É neste cenário que estão inseridas as duas Unidades Básicas de Saúde Indígena (UBSI) da capital paulista: a Vera Poty e a Krukutu. Exclusivas para a população indígena e integrantes da Supervisão Técnica de Saúde (STS) de Parelheiros, elas oferecem atenção básica aliada à escuta qualificada e a um modelo de cuidado que articula a medicina ocidental com os saberes ancestrais do povo Guarani.
A UBSI Vera Poty completou 26 anos no último dia 15 de abril e se consolidou como referência na região. Já a UBSI Krukutu funcionava como um anexo da Vera Poty, mas há cerca de um ano e meio passou a operar com estrutura completa de Estratégia Saúde da Família (ESF), com equipe multiprofissional, consultório odontológico, farmácia, sala de vacinação e presença significativa de profissionais indígenas.
As duas unidades compartilham o mesmo princípio: oferecer assistência em saúde considerando a cultura, a língua, o território e a espiritualidade da população atendida.
Em uma visita realizada à Vera Poty no mês de março, a gerente Karen Mascarenhas destacou que o trabalho exige mais do que técnica. Segundo ela, atuar em uma UBS indígena pede sensibilidade para compreender a dinâmica local e disposição para rever referências trazidas de fora. “O acolhimento tem que ser diferenciado. Tem que ter empatia e respeitar a cultura acima de tudo”, afirmou a enfermeira de formação.

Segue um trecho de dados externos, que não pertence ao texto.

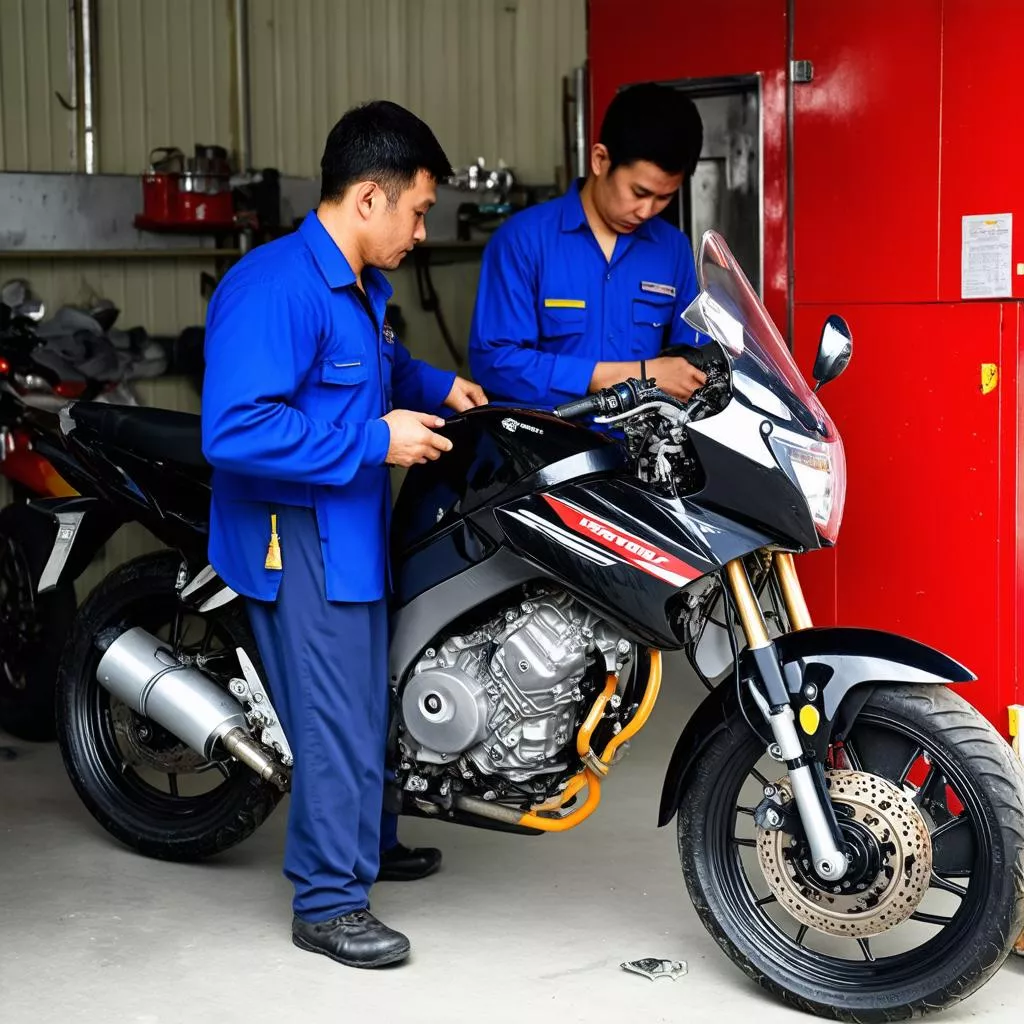 Inspecting a 125cc motorcycle engine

A gestora explicou ainda que a unidade atende aldeias com perfis e distâncias diferentes, em uma área extensa, onde algumas comunidades ficam a 15 minutos da UBS, enquanto outras estão a cerca de uma hora.
Para alcançar essa população, médicos, enfermeiros e técnicos de enfermagem realizam visitas periódicas às aldeias mais afastadas, levando consultas, acompanhamento de condições crônicas, resultados de exames e orientações de tratamento.
Outro aspecto que chama a atenção é a composição da equipe, que conta com forte participação indígena. Entre os profissionais estão oito agentes de saúde indígenas, além de outros trabalhadores da própria comunidade.